Be aware that CAD is the leading cause of mortality in U.S. adults.
Recognize that initial effective strategies for the primary prevention of CAD begin with the assessment of an individual's risk factor profile and treatment of modifiable risk factors such as hypertension, hyperlipidemia, diabetes, and tobacco use.
Do not perform cardiovascular screening tests to assess risk in asymptomatic patients identified as low risk (less than 10% chance of CAD in 10 years).
Recognize that certain cardiovascular screening tests may be used for patients identified as intermediate risk (10% to 20% chance of CAD in 10 years) to diagnose occult CAD or to provide additional information about the risk for future cardiovascular events.
Exercise electrocardiography, CAC scoring, carotid artery IMT measurement, CRP, hemoglobin A1C, urinalysis for microalbumin, lipoprotein-associated phospholipase A2, or ankle-brachial index may be considered for cardiovascular risk assessment in asymptomatic adults with an intermediate global risk for CAD (10% to 20% risk for a cardiovascular event over 10 years).

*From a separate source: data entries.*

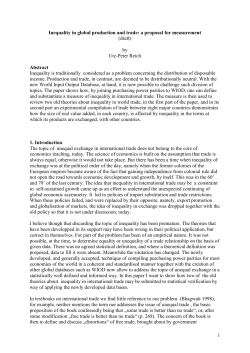 Inequality in Global Production and Trade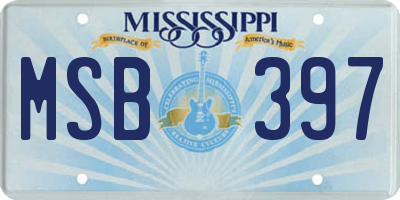 MS license plate MSB397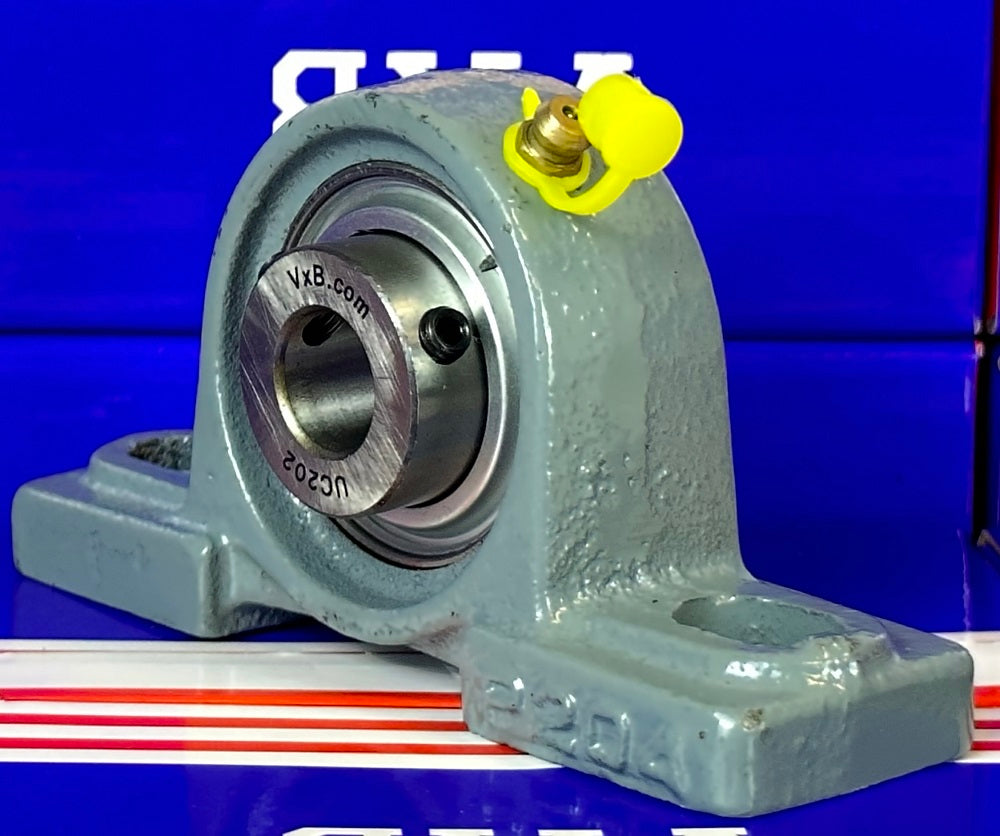 15mm Bearing UCP202 + Pillow Block Cast Housing Mounted Bearing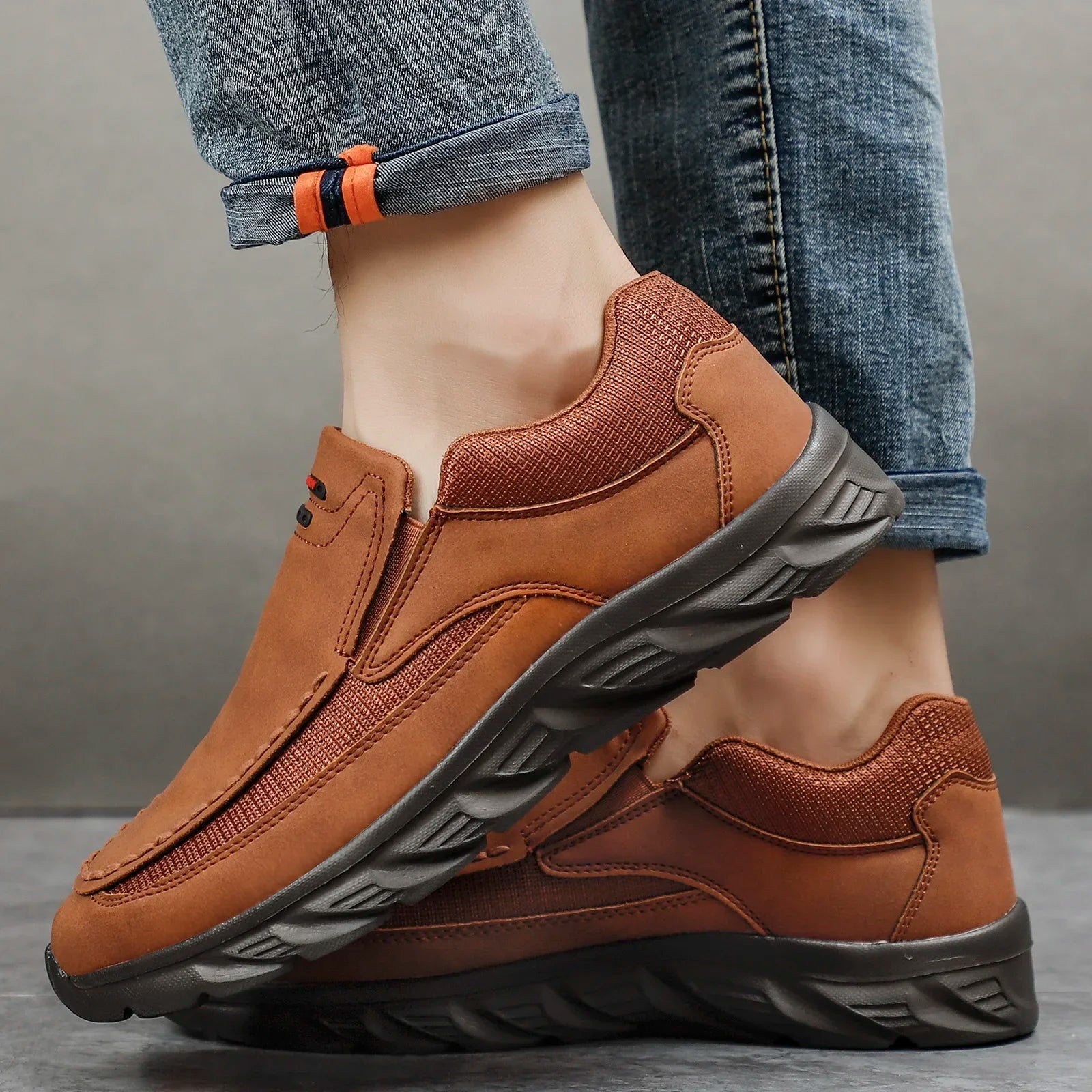 Chaussures Décontractées en Cuir pour Hommes 1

Be aware that there is no role for further cardiovascular screening tests for patients identified as high risk (more than 20% chance of CAD in 10 years) as these individuals are already candidates for intensive preventative interventions, and added testing is unlikely to change treatment.
Note that resting electrocardiography may provide risk information but is generally not recommended for screening.
Recognize that it is unclear whether making treatment decisions on the basis of added prognostic information provided by screening tests for asymptomatic CAD is cost-effective or leads to reduced CAD events.